Según explicó, un cable de 220 volts se encuentra conectado directamente a la barda perimetral de su casa, mientras que otro, correspondiente a una línea de más de 13 mil volts, continúa instalado dentro del predio.
“Están expuestos mis familiares, incluso niños de tres años. Si hay una descarga, estamos hablando de un peligro inminente”, declaró.
El afectado señaló que, sin su consentimiento, personal de CFE ingresó a su terreno para colocar los cables.
Asegura contar con el título de propiedad y documentos que demuestran que la instalación se hizo sin autorización. Aunque reconoce que la CFE puede tener derecho de paso, argumenta que este derecho no se extiende a su propiedad, ya que no existe continuidad en la línea, ni postes detrás de su vivienda.
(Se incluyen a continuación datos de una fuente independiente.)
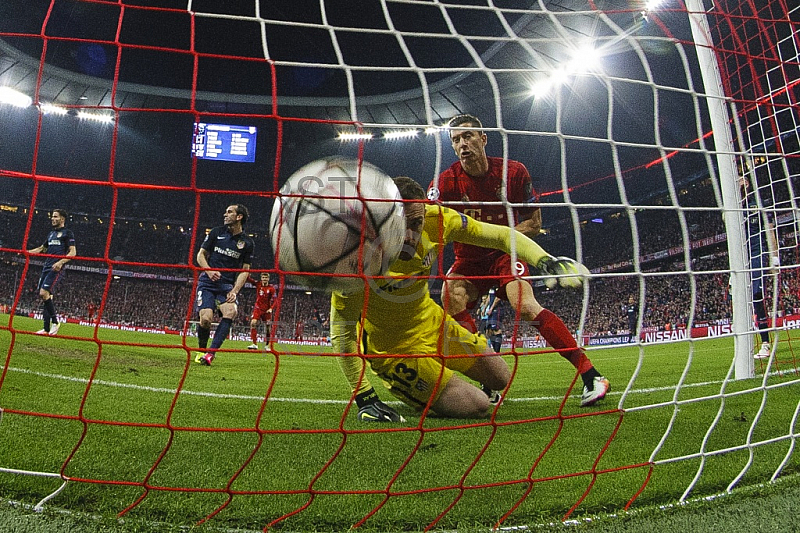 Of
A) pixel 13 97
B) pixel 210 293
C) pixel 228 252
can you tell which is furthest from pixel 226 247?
pixel 13 97

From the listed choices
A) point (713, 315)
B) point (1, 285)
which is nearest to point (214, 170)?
point (1, 285)

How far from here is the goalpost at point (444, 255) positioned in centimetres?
179

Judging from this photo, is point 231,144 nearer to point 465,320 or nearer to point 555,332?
point 465,320

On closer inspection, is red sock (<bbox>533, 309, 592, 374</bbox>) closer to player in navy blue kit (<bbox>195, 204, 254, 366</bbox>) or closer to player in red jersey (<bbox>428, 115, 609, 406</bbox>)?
player in red jersey (<bbox>428, 115, 609, 406</bbox>)

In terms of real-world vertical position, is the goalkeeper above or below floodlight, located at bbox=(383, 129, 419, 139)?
below

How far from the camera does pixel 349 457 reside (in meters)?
2.24

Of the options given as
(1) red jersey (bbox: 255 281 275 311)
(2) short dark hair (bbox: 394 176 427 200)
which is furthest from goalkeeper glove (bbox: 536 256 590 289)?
(1) red jersey (bbox: 255 281 275 311)

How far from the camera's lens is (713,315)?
57.9 ft

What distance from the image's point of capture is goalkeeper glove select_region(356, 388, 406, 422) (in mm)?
3080

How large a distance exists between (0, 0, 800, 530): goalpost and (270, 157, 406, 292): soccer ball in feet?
0.91

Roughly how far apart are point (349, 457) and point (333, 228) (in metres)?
0.99

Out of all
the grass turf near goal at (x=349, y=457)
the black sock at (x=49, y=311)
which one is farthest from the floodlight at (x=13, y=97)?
the grass turf near goal at (x=349, y=457)

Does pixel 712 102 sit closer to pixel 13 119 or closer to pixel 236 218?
pixel 236 218

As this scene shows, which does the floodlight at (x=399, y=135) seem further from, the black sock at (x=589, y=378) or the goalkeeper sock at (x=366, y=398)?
the goalkeeper sock at (x=366, y=398) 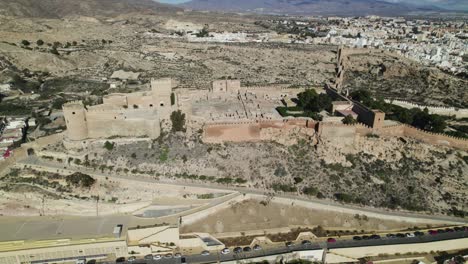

A pesar de insistencias, Marino informó que la CFE sólo retiró dos cables tras varias semanas, pero dejó uno aún dentro del terreno. Además, le indicaron que para quitarlo completamente tendría que pagar aproximadamente 17 mil pesos, lo cual consideró injusto: “Primero me ponen en riesgo y luego quieren que pague para quitarme el riesgo”, expresó indignado.
También recalcó que, aunque ha documentado todo con videos y acudido a las oficinas correspondientes, su preocupación principal sigue siendo la seguridad de su familia.
El ciudadano hizo un llamado urgente a las autoridades correspondientes para que se atienda su situación.